====== Extracted entries ======

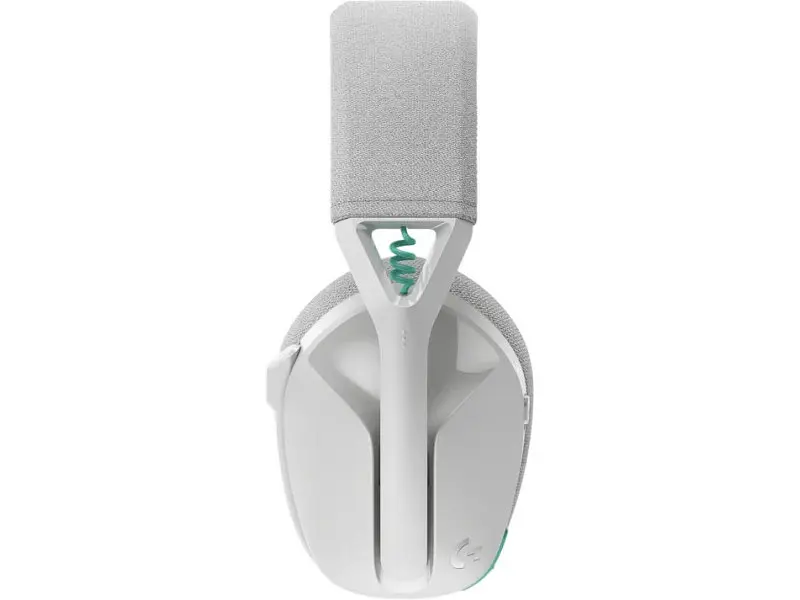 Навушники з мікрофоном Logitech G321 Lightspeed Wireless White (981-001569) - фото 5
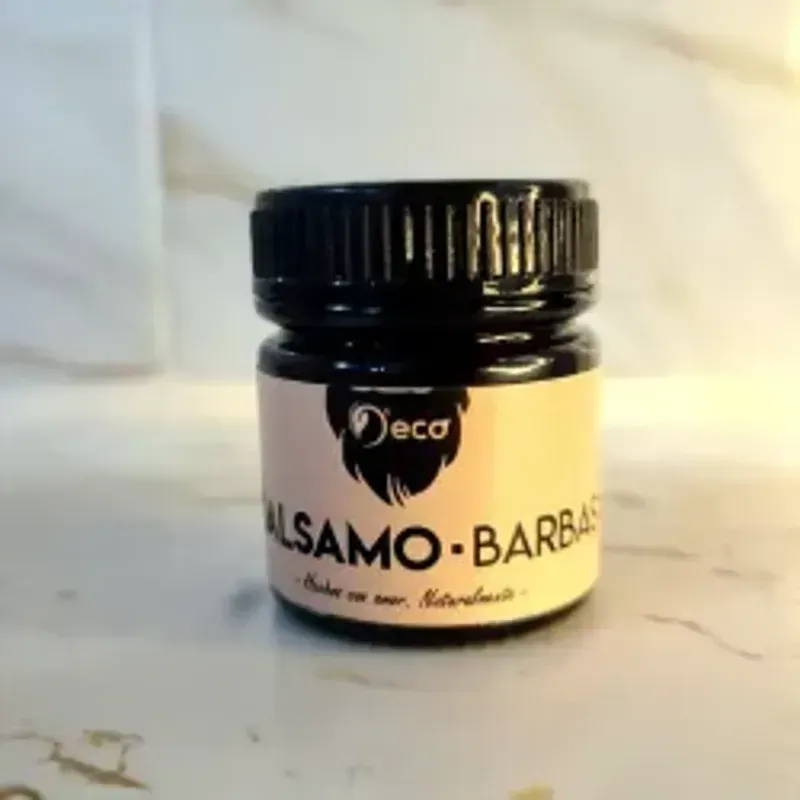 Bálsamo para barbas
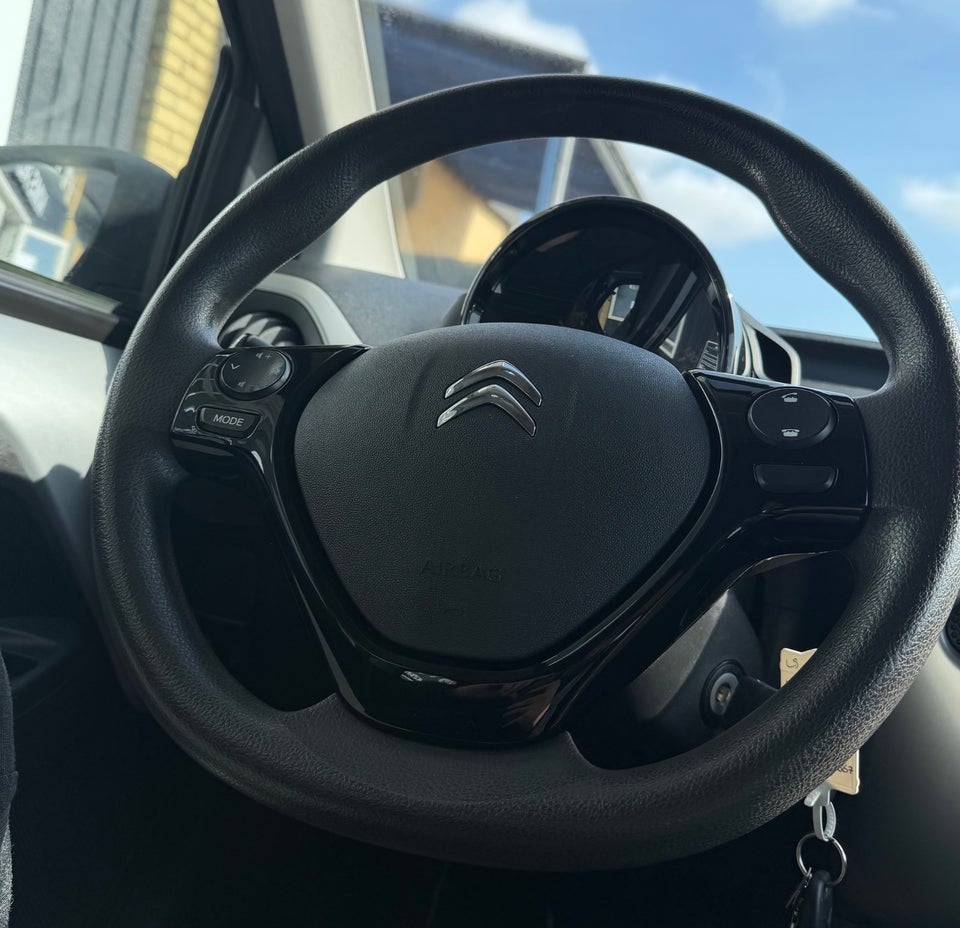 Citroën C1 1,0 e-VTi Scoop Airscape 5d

======
====== Extracted entries ======

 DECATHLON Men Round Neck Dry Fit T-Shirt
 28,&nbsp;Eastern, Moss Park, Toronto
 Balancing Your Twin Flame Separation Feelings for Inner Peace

======

Every line above in the stretch from the one with "Навушники з мікрофоном" through the one with "Citroën C1 1,0 e-VTi Scoop Airscape 5d" is to be transcribed exactly, ends included. No picture is copied.

▶ _Response below_:
 Навушники з мікрофоном Logitech G321 Lightspeed Wireless White (981-001569) - фото 5
 Bálsamo para barbas
 Citroën C1 1,0 e-VTi Scoop Airscape 5d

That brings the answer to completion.